December, typically one of the busiest selling months of the year, was hit due to the shortage. New vehicle sales for December are estimated at 1.2 million, down 21% from December 2020, according to a joint forecast from JD Power and LMC Automotive. Fourth-quarter JD Power and LMC project sales to reach 3.3 million, down 20% year-on-year, even as full-year sales are expected to increase 4% .

“While the inventory situation has improved slightly since November, supply remains well below the level at which consumer demand for new vehicles can be met,” said Thomas King, president of the data and analytics division. at JD Power, in a press release. “The intense demand with this limited supply leads to a continuous increase in prices. “

Bess Wills, part owner and general manager of Gresham Ford in eastern Oregon, points out the positives for customers: They can order exactly what they want from a vehicle and the dealership will honor the incentives in effect at the order date or delivery date, giving buyers whatever the lowest price.

“Trucks are coming in every day and two-thirds are orders already sold,” said Wills, noting that she is lucky to have 25 cars on her lot compared to the more typical 120-150. “Over 50% of our retail sales this month are orders. I know we will continue to try to do this. So as long as we can keep people interested and have a chance to wait.

That’s not a problem right now, she said, with products like the new Bronco SUV and the upcoming all-electric Lightning F-150 truck, for which she has 100 reservations.

High prices have not slowed down demand. Dealers say they sell vehicles before they arrive.

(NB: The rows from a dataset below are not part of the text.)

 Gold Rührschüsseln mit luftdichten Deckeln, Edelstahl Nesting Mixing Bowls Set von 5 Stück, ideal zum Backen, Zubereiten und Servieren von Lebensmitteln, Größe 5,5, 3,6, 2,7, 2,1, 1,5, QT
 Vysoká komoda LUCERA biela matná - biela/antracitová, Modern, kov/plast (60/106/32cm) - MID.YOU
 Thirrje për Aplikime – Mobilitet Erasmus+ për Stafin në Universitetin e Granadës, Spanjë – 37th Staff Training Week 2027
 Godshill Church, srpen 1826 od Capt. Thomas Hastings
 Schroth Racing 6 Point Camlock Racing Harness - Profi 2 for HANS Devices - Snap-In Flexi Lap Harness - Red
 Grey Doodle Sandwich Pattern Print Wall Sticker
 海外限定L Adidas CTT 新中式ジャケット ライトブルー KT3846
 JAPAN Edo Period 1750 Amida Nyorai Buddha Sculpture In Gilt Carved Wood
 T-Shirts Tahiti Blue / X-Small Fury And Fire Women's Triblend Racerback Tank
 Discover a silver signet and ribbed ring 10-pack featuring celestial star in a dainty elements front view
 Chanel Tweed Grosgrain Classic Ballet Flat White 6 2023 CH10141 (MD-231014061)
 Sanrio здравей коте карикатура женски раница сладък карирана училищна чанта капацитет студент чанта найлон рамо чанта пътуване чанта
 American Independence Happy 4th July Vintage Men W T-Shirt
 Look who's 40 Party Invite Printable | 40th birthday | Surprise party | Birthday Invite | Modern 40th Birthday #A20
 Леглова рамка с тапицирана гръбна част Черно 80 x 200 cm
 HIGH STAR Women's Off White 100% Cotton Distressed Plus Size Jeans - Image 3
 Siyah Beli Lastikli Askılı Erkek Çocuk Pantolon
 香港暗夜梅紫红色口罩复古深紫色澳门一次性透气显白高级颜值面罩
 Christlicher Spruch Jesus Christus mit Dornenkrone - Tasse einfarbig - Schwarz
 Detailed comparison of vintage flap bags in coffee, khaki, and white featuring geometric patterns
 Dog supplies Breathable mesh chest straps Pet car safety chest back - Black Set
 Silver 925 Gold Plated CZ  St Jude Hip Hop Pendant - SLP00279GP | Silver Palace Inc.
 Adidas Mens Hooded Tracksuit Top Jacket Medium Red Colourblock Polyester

As of December 23, Jim Ellis Chevrolet in Atlanta had more than 80 vehicles in transit to the dealership, but those had been on hold for months awaiting parts. In the field, the lot has around 30 vehicles for sale, said managing director Ralph Sorrentino.

Sorrentino doesn’t expect the situation to improve much until maybe summer, and that is if “we don’t have more news on the radar by then”.

“Demand is still record high,” he said. “People want to post bonds, they want yesterday’s cars. Everyone wants a new car. It’s kind of a good place to be in for a little bit.